Novak, Peter · Neurological sciences : official journal of the Italian Neurological Society and of the Italian Society of Clinical Neurophysiology · 2024 · DOI
This small study tested whether tilting the head downward slightly could help people with POTS (a condition causing rapid heart rate when standing). Researchers found that a 10-degree head-down tilt for 2 minutes safely reduced heart rate by about 10% and improved blood oxygen levels. Four of the seven patients tested also had ME/CFS, suggesting this approach might have potential for multiple related conditions.
Many ME/CFS patients experience POTS-like symptoms with abnormal heart rate responses and reduced blood volume, making them potentially eligible for treatments addressing preload failure. This study suggests a non-pharmacological intervention that is simple, low-cost, and safe may help manage cardiovascular symptoms in overlapping conditions. Larger studies could establish whether repetitive head-down tilt could become a practical self-management tool for ME/CFS patients.
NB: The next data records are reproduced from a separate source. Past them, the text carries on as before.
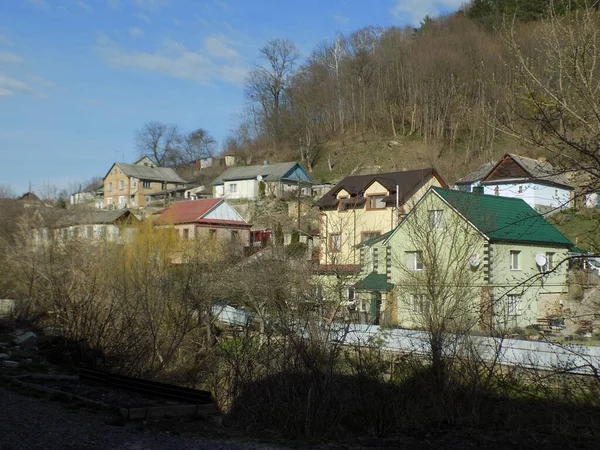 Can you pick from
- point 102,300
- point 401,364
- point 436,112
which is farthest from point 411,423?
point 436,112

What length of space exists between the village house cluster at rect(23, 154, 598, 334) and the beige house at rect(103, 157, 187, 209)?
22.5 meters

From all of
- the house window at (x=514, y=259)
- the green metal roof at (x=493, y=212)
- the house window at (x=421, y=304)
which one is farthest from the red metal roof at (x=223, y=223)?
the house window at (x=421, y=304)

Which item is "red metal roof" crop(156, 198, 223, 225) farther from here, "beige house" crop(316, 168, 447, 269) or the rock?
the rock

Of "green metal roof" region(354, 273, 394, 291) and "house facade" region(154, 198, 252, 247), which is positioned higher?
"house facade" region(154, 198, 252, 247)

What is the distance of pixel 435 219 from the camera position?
79.6 feet

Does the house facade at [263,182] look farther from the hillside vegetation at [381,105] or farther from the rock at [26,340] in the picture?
the rock at [26,340]

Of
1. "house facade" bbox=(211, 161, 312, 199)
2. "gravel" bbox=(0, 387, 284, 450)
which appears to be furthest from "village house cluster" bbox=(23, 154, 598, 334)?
"house facade" bbox=(211, 161, 312, 199)

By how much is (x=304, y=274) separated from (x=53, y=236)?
390 inches

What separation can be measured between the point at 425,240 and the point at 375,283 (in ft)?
15.8

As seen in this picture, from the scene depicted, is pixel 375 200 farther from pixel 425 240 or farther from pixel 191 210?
pixel 191 210

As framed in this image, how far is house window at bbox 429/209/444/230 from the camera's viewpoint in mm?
23422

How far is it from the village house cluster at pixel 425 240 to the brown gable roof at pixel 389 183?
0.06 meters

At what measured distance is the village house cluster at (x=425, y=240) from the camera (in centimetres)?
1695

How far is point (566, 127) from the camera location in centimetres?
693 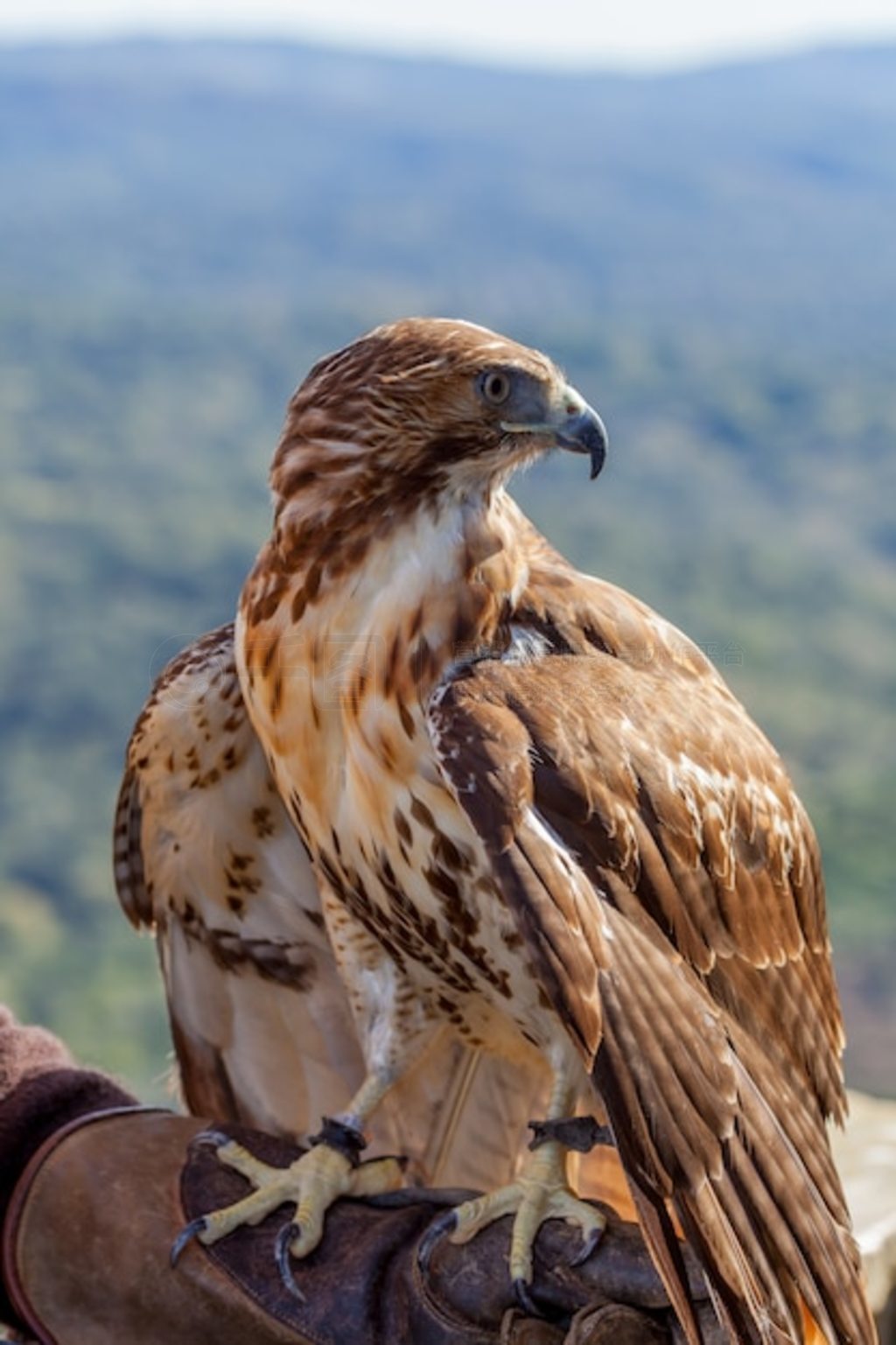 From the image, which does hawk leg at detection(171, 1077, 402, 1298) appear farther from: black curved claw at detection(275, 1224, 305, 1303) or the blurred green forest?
the blurred green forest

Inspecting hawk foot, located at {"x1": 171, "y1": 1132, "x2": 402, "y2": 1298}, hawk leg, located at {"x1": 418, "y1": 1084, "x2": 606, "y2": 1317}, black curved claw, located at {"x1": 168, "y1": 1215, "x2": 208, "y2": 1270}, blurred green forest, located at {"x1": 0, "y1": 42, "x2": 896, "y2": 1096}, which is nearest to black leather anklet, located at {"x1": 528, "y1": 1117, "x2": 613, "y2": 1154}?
hawk leg, located at {"x1": 418, "y1": 1084, "x2": 606, "y2": 1317}

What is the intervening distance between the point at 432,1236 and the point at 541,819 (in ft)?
3.39

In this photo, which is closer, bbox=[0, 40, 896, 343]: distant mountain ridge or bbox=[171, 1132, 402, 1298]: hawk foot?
bbox=[171, 1132, 402, 1298]: hawk foot

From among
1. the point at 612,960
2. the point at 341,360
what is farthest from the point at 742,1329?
the point at 341,360

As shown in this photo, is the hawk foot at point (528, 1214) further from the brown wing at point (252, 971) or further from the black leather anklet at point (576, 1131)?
the brown wing at point (252, 971)

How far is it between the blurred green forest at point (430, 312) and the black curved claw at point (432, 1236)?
1824 inches

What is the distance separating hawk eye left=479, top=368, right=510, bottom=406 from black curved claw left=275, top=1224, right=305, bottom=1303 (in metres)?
1.86

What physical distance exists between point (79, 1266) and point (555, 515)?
108163mm

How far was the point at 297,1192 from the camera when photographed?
4215 millimetres

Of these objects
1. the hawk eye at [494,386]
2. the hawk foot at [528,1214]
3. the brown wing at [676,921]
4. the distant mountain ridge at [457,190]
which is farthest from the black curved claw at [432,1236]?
the distant mountain ridge at [457,190]

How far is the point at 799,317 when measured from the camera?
152250 millimetres

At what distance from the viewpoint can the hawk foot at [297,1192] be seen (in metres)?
4.14

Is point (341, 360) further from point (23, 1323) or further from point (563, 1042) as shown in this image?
point (23, 1323)

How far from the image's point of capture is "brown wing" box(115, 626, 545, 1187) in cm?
461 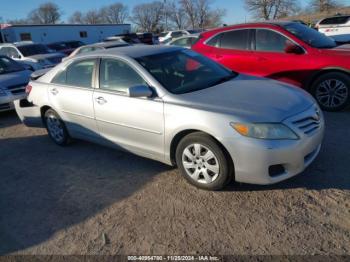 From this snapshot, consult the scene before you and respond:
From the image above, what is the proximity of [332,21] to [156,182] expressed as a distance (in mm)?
17065

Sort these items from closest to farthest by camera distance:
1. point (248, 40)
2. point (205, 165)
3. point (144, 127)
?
point (205, 165) → point (144, 127) → point (248, 40)

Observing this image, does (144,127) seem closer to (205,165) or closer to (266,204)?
(205,165)

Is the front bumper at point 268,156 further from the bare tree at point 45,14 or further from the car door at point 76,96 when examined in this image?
the bare tree at point 45,14

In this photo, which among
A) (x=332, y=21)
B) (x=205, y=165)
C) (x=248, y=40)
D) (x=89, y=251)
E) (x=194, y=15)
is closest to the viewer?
(x=89, y=251)

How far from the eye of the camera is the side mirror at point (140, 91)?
3592mm

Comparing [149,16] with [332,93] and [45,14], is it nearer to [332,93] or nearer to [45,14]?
[45,14]

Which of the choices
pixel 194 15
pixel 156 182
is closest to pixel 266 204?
pixel 156 182

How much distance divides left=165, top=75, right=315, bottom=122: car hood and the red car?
86.6 inches

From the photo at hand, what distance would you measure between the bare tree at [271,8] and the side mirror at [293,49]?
61.5 metres

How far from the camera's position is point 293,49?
5855 millimetres

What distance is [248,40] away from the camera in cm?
646

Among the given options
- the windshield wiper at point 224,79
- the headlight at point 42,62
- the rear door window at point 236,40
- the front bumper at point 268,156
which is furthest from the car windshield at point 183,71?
the headlight at point 42,62

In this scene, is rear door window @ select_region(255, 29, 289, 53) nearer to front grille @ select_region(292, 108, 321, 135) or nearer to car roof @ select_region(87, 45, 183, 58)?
car roof @ select_region(87, 45, 183, 58)

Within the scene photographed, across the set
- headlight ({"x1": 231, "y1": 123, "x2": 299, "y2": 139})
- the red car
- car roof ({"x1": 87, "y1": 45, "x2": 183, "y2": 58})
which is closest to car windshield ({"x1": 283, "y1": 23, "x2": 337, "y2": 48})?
the red car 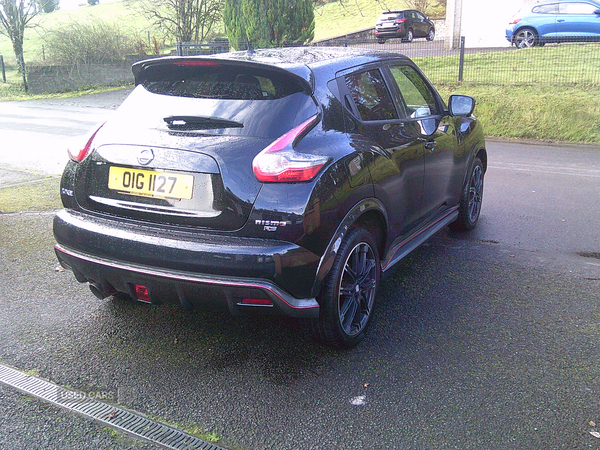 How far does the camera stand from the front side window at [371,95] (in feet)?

This pilot study does not prove long-term efficacy or safety of repeated HDT use, nor does it establish whether acute heart rate reduction translates to meaningful symptom improvement in patients. The findings are correlational—showing HDT reduces heart rate does not confirm the proposed mechanism involving baroreflex modulation. Results cannot be generalized to the broader ME/CFS population, as only 4 of 7 treated patients had ME/CFS.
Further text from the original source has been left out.